I came around to get a better look, and shined my light down. The girl’s hand on that side was closed in a loose fist, except for the index finger, which was extended. Or pointing, maybe, straight downstream.

“How wide’s our perimeter so far?” I asked.

“Just what you see,” Valente said. There were a handful of crime-scene techs scanning the banks around us, but it didn’t look like any of them had gotten more than thirty feet from the body so far.

“What are you thinking, Alex?” Huizenga asked me.

“I’m not sure.” Maybe I was thinking too much. Maybe not. “I’m just curious. Walk with me?”

Huizenga and I left Valente and D’Auria with the girl and started picking our way downstream.

 It didn’t take long, either. After a hundred feet or so, we came around a shallow bend and my light landed on something straight ahead.

It was another body, I realized all at once. It sent a fresh wave of dread straight through me. What the hell were we up against here?

“Oh…God,” Huizenga said, and then shouted over her shoulder. “Let’s get some backup over here! Now!”

I ran over to check vitals, but even before I knelt down I could see there was no chance. It was a young man this time. White. Fully clothed. He’d taken a single gunshot to the face, and there were several fresh stab wounds, all around the groin.

Another Cory Smithe.

He’d been left at the water’s edge, like our Jane Doe, with one arm extended out over his head. His hand on that side was clenched into a loose fist, and his index finger was pointed back upstream, the way we’d just come.

CHAPTER

31

BEFORE ANYONE REACHED US, HUIZENGA SWUNG AROUND AND SHINED HER light up into the woods on the opposite bank.

“What is it?” I said.

“Shh!”

She put a hand on my arm and pointed. That’s when I heard it. Someone was moving through the woods, breaking twigs and going at a good clip over dead leaves and soft ground.

Huizenga started up that way a beat before I did.

“Whoever you are, this is the police. Stop right there! Don’t make me chase you!”

I’ve got legs almost twice as long as hers, and by the time I was up the bank and past the tree line, I’d already left her behind. My Glock was out in one hand, my Maglite in the other. Maybe this was just some homeless person we were chasing, or a curious kid, but if not—I wanted this guy, bad.

About twenty yards in, I stopped and listened. Whoever it was, they’d been heading toward the Sixteenth Street side of the park, but now he—she? he?—had turned and was running parallel to the creek instead.

Meanwhile, I could hear Huizenga on the radio, somewhere behind me.

“—any available units to Sixteenth Street, north of Sherrill Drive. We’ve got an unsub, on foot, possibly headed out of Rock Creek Park—”

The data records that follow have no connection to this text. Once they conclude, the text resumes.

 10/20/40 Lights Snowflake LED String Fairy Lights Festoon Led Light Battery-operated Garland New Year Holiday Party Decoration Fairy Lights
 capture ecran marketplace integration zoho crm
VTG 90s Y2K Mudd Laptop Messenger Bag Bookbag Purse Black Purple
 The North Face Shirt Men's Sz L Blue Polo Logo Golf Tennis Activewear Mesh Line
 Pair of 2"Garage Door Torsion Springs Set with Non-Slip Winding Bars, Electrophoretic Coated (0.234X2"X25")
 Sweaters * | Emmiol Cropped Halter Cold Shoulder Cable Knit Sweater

I took off at a sprint again, catching a few low branches in the face as I went. The adrenaline was driving me as much as anything right now.

Again, the footfalls ahead of me changed direction—but this time I caught him with the beam of my light. It was a man, anyway, in dark clothes. That’s all I saw. He’d just disappeared up and over a small rise, straight ahead.

I was right behind him, and a few seconds later I spilled out onto the pavement of Sherrill Drive. The road curved here, in a hairpin turn on its way out of the park. There was no sign of the guy, though. Had he kept going, back into the woods? Turned and run up the road?

If I’d had another half second, I would have realized why I didn’t hear him running anymore. But the next thing I felt was something hard, slamming into the back of my head. My knees buckled, and what little vision I had in the dark blurred out completely. Pain shot down my neck and back as I hit the pavement.